Harmony: How did you know what plants would be authentic to the time period?

Larry: There are about 11 historic plant lists that are relatively well-known, which gives me a very limited palette. Then I found two or three-four original sources of plants. Also, I would just google plant names, I was sort of working at it from both ends. From kind of a randomized end, and this 18th-century plant list end.

A lot of times I’d find European herbs, European flowers, and try to find an American reference for it. A lot of times I did, a lot of times I didn’t. A lot of times we know plants were growing in 18th-century England, and we’re just not growing over here, which is disappointing for me.

Harmony: I want to hear from both of you on this: what surprised you in this process?

Barbara: I think it was, got me up early, you know. Just to see what was going on in the garden. It’s exciting. I love photography, and I liked finding the little mysteries in the garden, and um, call up Larry and say, “What was that that I shot?” So I’ve learned a lot about gardens and flowers and herbs, more than I ever thought I would. I look forward to that every day.

Larry: The biggest deal for me was finding out what a lot of people already know, that the birth of botany goes back to the third century B.C. A lot of colonial plants are in that Greek herbal of 300 B.C. Iris is a Greek name, and Daphne’s a Greek name, Asphodel is a Greek name.

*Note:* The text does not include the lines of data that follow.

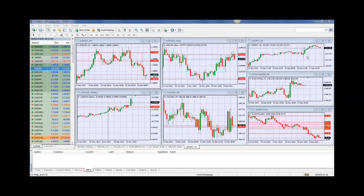Good morning traders, welcome to today's market review. This is Fred Rezak at CM Trading. Today is December 17, 2015 — Thursday morning — on the back of yesterday's FOMC meeting, which was a big number as we all know. We'll be looking at the charts in just a minute. Now looking at the economic calendar, there are actually three numbers coming out today.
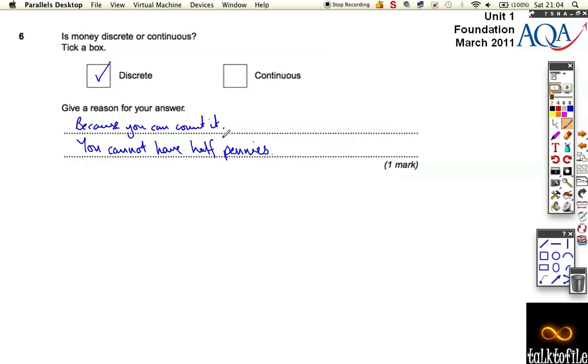You either have 1p or 2p or 3p. You don't have 1.1p or 1.5p or 3.697p. You have 1p or 2p. Nice, simple one.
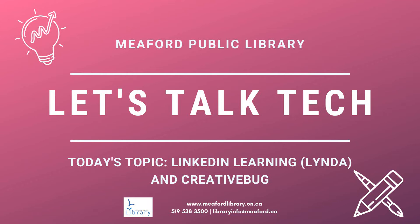Hi everyone and welcome back to Let's Talk Tech. Today we'll be taking a look at LinkedIn Learning, which is formerly known as Lynda, as well as CreativeBug. Both of these sites are fantastic resources for learning new skills right from home and you have full access to them with your library card.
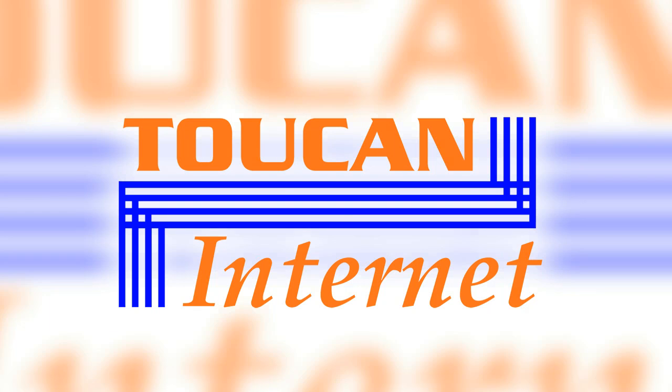Hello, this is Andrew here from Toucan Internet, and this video is to give you a sneak peek into the core features behind the MODX Revolution Content Management System.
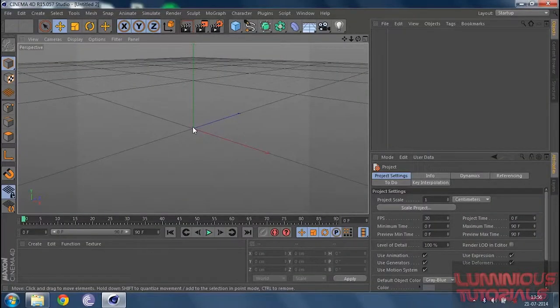Welcome back to Cinema 4D Tutorials. Today we are going to learn what a spline is. A spline is a set of edges or points that are joined by a line. They are very sharp at the edges, but they can also be softened by using the interpolation method.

I just became really enamored of this tradition of colonial plants having Greek origins. Vitex, our blue-flowered shrubs, our blue-flowered summer shrub is an ancient Greek shrub. There’s sort of a poetry in those names. So I see this botanic link going from the colonials, back to the Renaissance, back to the ancient times, very explicitly.

Harmony: Did you have anything that emerged as a puzzle throughout the process? Was there something you thought you should be able to find, something you thought would thrive, but didn’t?

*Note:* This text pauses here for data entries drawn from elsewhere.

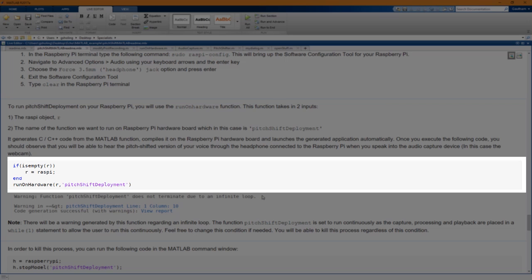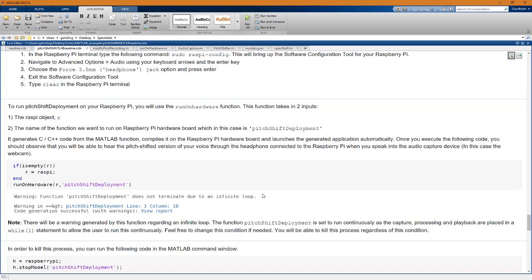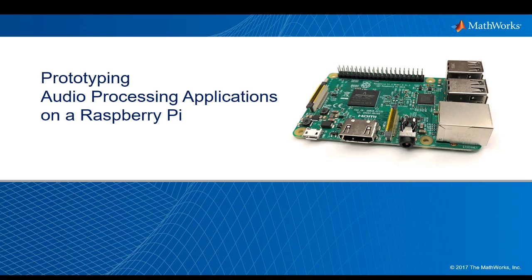For example, some days I sound like this. On other days I sound like this. This example will serve as a powerful launch pad for you to prototype using MATLAB and Raspberry Pi hardware. Happy prototyping.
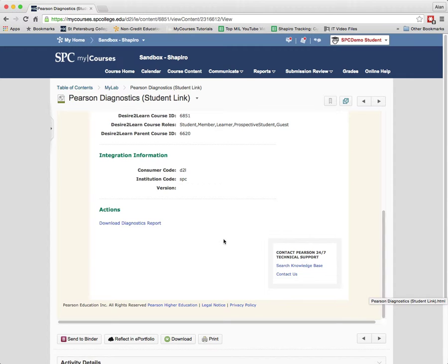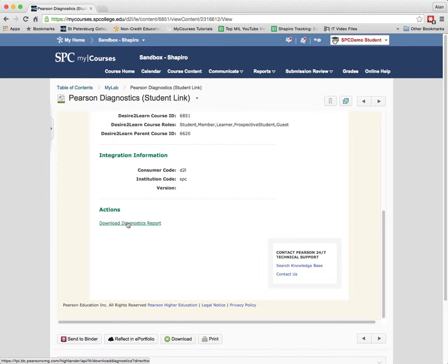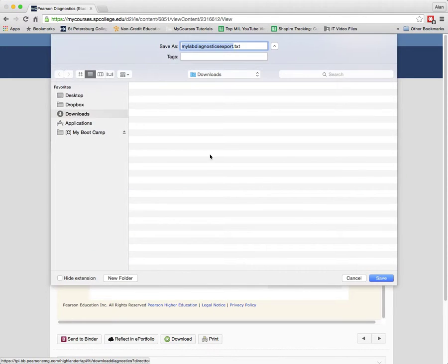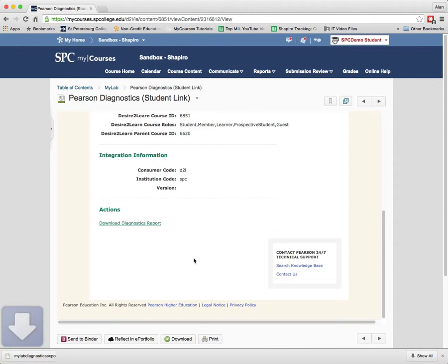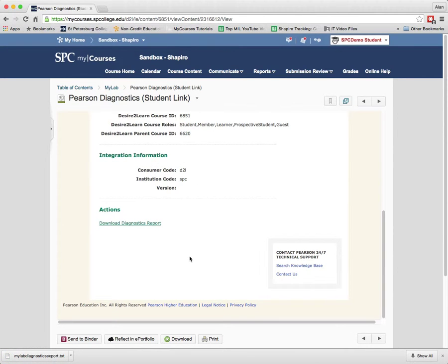You're going to scroll down to the bottom and there's a download diagnostic report. That's the report that you're going to click on and save onto your computer that the MyLab people, the tech support, are going to ask for help.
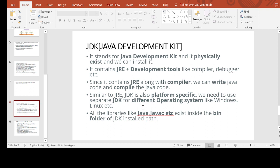Similar to JRE, JDK is also platform-specific — we need to use a separate JDK for different operating systems, downloading platform-specific versions for Linux, Windows, and Mac. All the libraries like javac, java, etc. exist inside the bin folder of the installed JDK. When we install JDK in upcoming videos, we will get to see these Java files under the bin folder.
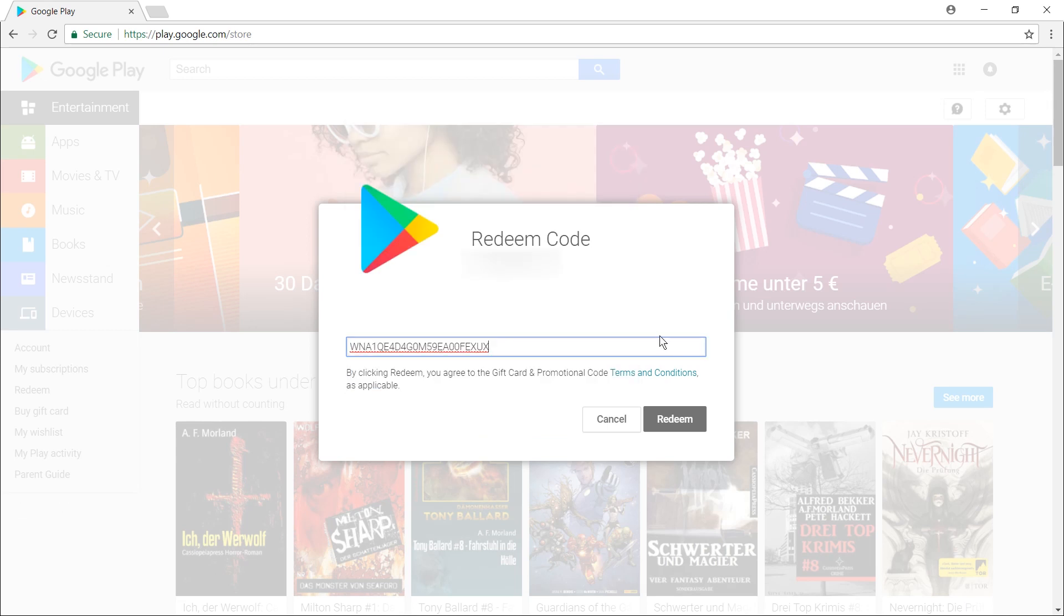This is easily done when using a computer, but you can also do this on your smartphone or tablet. Let me show you how. So I'm not going to press redeem here, instead we're going to do that on the phone.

Larry: The greatest hurdle here in Virginia here is heat. I found some plants that thrive in the heat, which were really cool.

Harmony: Like what?

Larry: Pentapetes, or scarlet mallow. Jefferson uses it in 1811.

Harmony: Has this changed the way that you garden, the way that you look at your flowerbeds at home?

Barbara: Oh yeah. I’ve got some of the same flowers in my garden, too, where I can stick them in where they catch a little bit more sun than the other areas. Oh yeah, and I go into the gardening nurseries and I go, “No, I don’t think that one.” And I, so I can discern which ones I want in the garden and which ones I don’t a little better. So I’m better educated now because of this book and all of Larry’s great information.

Harmony: Larry, how about you? If somebody looks at this book, what do you hope that they’ll get out of it?

Larry: I think I have three hopes. One is that they can do what I did. They can come away with what I did. There’s a list of seed sources in the back of the book, and I give pretty explicit directions about how to do it.

Second of all, I think they’ll learn that every plant has a story.

Thirdly, this is another reference book. We made a great attempt to footnote it. Every citation is accurate, because I wanted people behind me to be able to look at the sources and be able to do what I did and be able to replicate what I did. It’s not a secret. My work at the foundation is for the public good.

Harmony: Are you still growing and testing?

Larry: Yes. I have 36 plants seeded in the ground right now.

Harmony: Where can people see your test garden if they’re going to come visit?

Larry: If you walk out of the front entrance of the Williamsburg Inn and cross the street there on Colonial Street, you pass the Lewis house, which is a guest house, on the right. In that backyard are my test plots.

Harmony: And we’ll see you in there, weeding?

Larry: Weeding, watering, thinning, seeding, mowing the grass.

Barbara: And if you get up early enough, you might see me laying in the dirt, or in the grass areas, shooting into the flowers. Yeah, we’ll be there.